In [1]:

import pandas as pd
from openprompt.data_utils import InputExample
import torch
import os
from sklearn.preprocessing import LabelEncoder
from sklearn.metrics import balanced_accuracy_score,f1_score,classification_report
from sklearn.model_selection import train_test_split
from openprompt.config import get_config, save_config_to_yaml
from tqdm.contrib import tenumerate



In [2]:
path=r"C:\Users\py22715\OneDrive - University of Bristol\Documents\Python Scripts"
df=pd.read_csv(os.path.join(path,"golden_set2.csv"))

In [3]:
classes = [ # There are two classes in Sentiment Analysis, one for negative and one for positive
    "racial_slur",
    "self_harm",
    "Homophobia",
    "Incivility",
    "harrassment",
    "No Violations"
]

encoder = LabelEncoder()
df["label"]=encoder.fit_transform(df["violation"])

le_name_mapping = dict(zip(encoder.classes_, encoder.transform(encoder.classes_)))

print(le_name_mapping)



{'Homophobia': 0, 'Incivility': 1, 'No Violations': 2, 'harrassment': 3, 'racial_slur': 4}


In [4]:
from openprompt.plms import load_plm
from openprompt.lm_bff_trainer import LMBFFClassificationRunner,ClassificationRunner
plm, tokenizer, model_config, WrapperClass = load_plm("bert", "bert-base-cased")

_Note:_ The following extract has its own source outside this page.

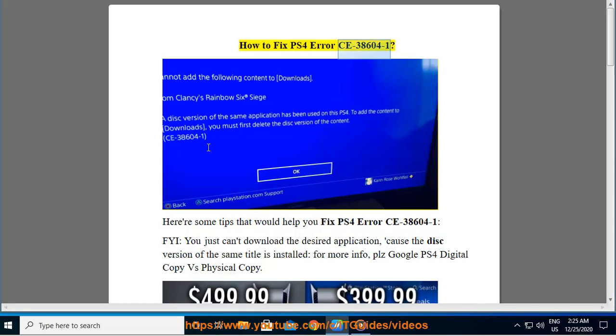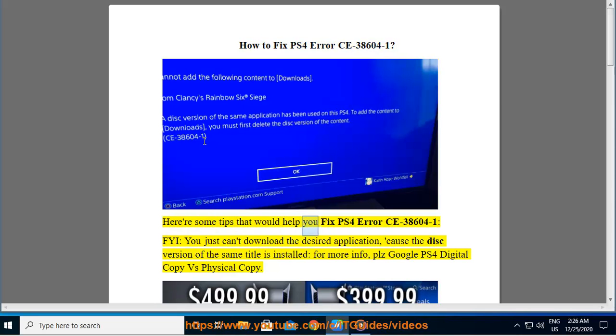How to Fix PS4 Error CE 38604-1. Here are some tips that would help you fix PS4 Error CE 38604-1.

Some weights of the model checkpoint at bert-base-cased were not used when initializing BertForMaskedLM: ['bert.pooler.dense.weight', 'cls.seq_relationship.weight', 'bert.pooler.dense.bias', 'cls.seq_relationship.bias']
- This IS expected if you are initializing BertForMaskedLM from the checkpoint of a model trained on another task or with another architecture (e.g. initializing a BertForSequenceClassification model from a BertForPreTraining model).
- This IS NOT expected if you are initializing BertForMaskedLM from the checkpoint of a model that you expect to be exactly identical (initializing a BertForSequenceClassification model from a BertForSequenceClassification model).


In [5]:
from openprompt.prompts import ManualTemplate

promptTemplate = ManualTemplate(
    text = '{"placeholder":"text_a"} was the context for {"placeholder":"text_b"}, Which violation is it? {"mask"}' ,
    tokenizer = tokenizer,
)

bad_words = {
    "racial_slur": ["nigga","nigger","uncle tom","negro","niggerhead","house slave","monkeyboy"],
    "self_harm": ["kill yourself", "commit suicide"],
    "Homophobia":["lesbo","faggot","fag",'cocksucker'],
    "Incivility":["dickhead","twat","cunt","whore","retard","bitch","asshole","dimwit","bullshit","fuck u","fuck you","motherfuck"],
    "harrassment":["penis","pussy","dick","tits","moron","suck dick","sexy bitch"]
}

In [6]:
bad_set=set()
for k,v in bad_words.items():
    for i in bad_words[k]: 
        bad_set.add(i)
all_set=set()
for i in df["context"]:
   for k in i.split(' '):
       all_set.add(k.lower())
    
no_vio = all_set.difference(bad_set)  
no_vio=list(no_vio)
no_vio=no_vio[0:len(no_vio):5000]

    
 
from openprompt.prompts import ManualVerbalizer
promptVerbalizer = ManualVerbalizer(
    classes = classes,
    label_words = {
        "racial_slur": ["nigga","nigger","uncle tom","negro","niggerhead","house slave","monkeyboy"],
        "self_harm": ["kill yourself", "commit suicide"],
        "Homophobia":["lesbo","faggot","fag",'cocksucker'],
        "Incivility":["dickhead","twat","cunt","whore","retard","bitch","asshole","dimwit","bullshit","fuck u","fuck you","motherfuck"],
        "harrassment":["penis","pussy","dick","tits","moron","suck dick","sexy bitch"],
        "No Violations": no_vio
    },
    tokenizer = tokenizer,
)

In [7]:
from openprompt import PromptForClassification
promptModel = PromptForClassification(
    template = promptTemplate,
    plm = plm,
    verbalizer = promptVerbalizer,
    freeze_plm=False,
    plm_eval_mode=False
)


In [8]:
data_train , data_val = train_test_split(df,train_size=0.80,random_state=2018)
#data_train,data_val = train_test_split(data_train_val,train_size=0.25,random_state=2018,stratify=data_train_val['label'])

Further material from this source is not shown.